## Provided information
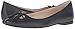 Nine West Women's Simily Leather Pointed Toe Flat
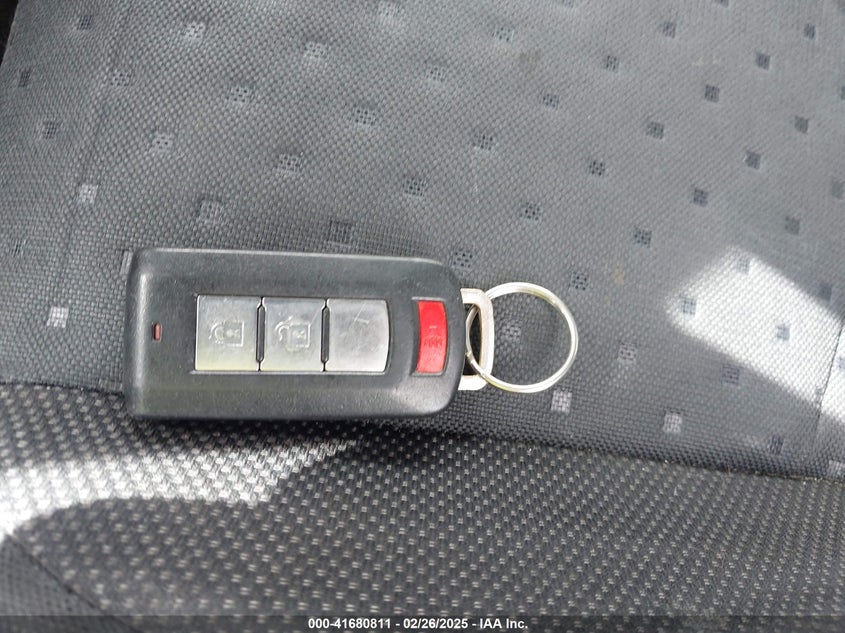 2011 Mitsubishi Outlander Sport Se VIN: JA4AR4AU4BZ013023 Lot: 41680811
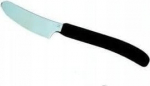 SUNDO Knife with ergonomic handle straight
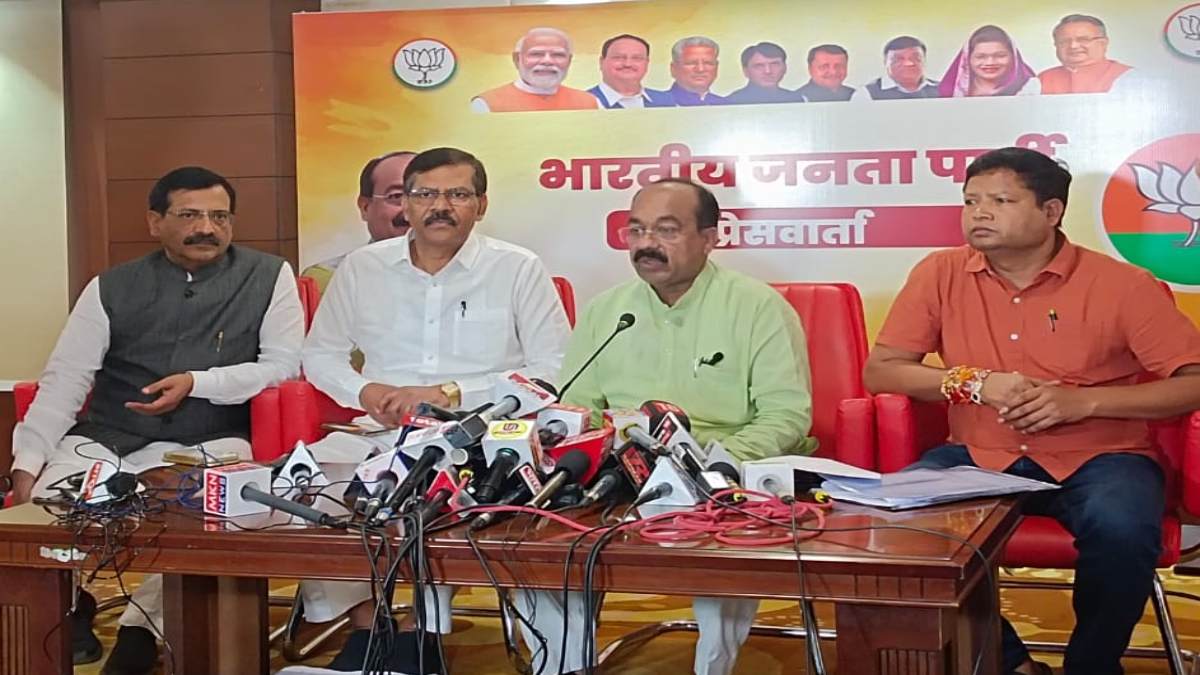 बदलाव के संकल्प के साथ ‘परिवर्तन यात्रा’ निकालेगी भाजपा, पीएम मोदी और शाह समेत तमाम बड़े नेता होंगे शामिल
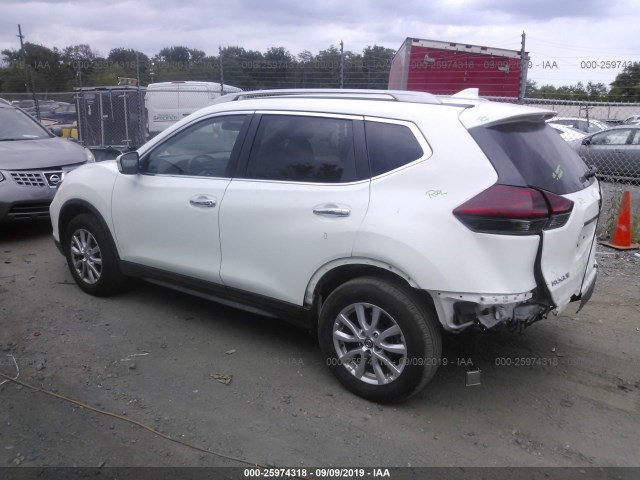 Photo 2 VIN: 5N1AT2MV3JC793061 - NISSAN ROGUE 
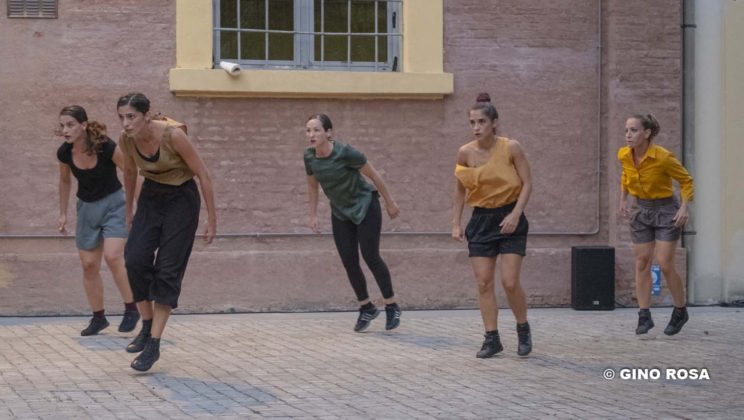 Danza Urbana- - Bologna 2018 (ph GIno Rosa)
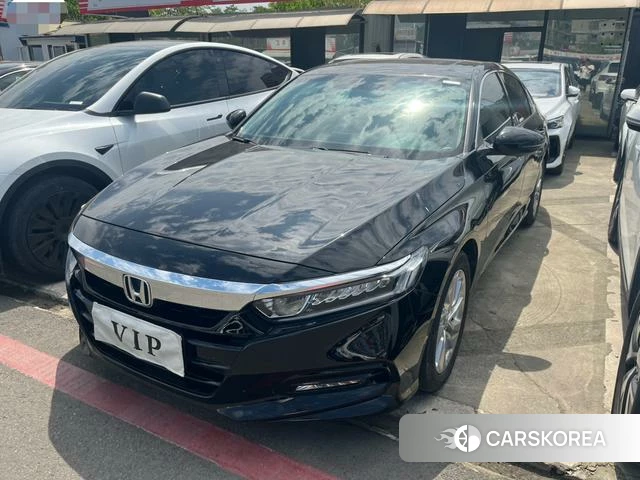 Honda Accord id 4307434 из Китая 24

## Work instruction
Only the lines from the one containing "बदलाव के संकल्प" through the last line of the entries belong in the answer, given again exactly. Images stay out.

## Exercise answer
 बदलाव के संकल्प के साथ ‘परिवर्तन यात्रा’ निकालेगी भाजपा, पीएम मोदी और शाह समेत तमाम बड़े नेता होंगे शामिल
 Photo 2 VIN: 5N1AT2MV3JC793061 - NISSAN ROGUE 
 Danza Urbana- - Bologna 2018 (ph GIno Rosa)
 Honda Accord id 4307434 из Китая 24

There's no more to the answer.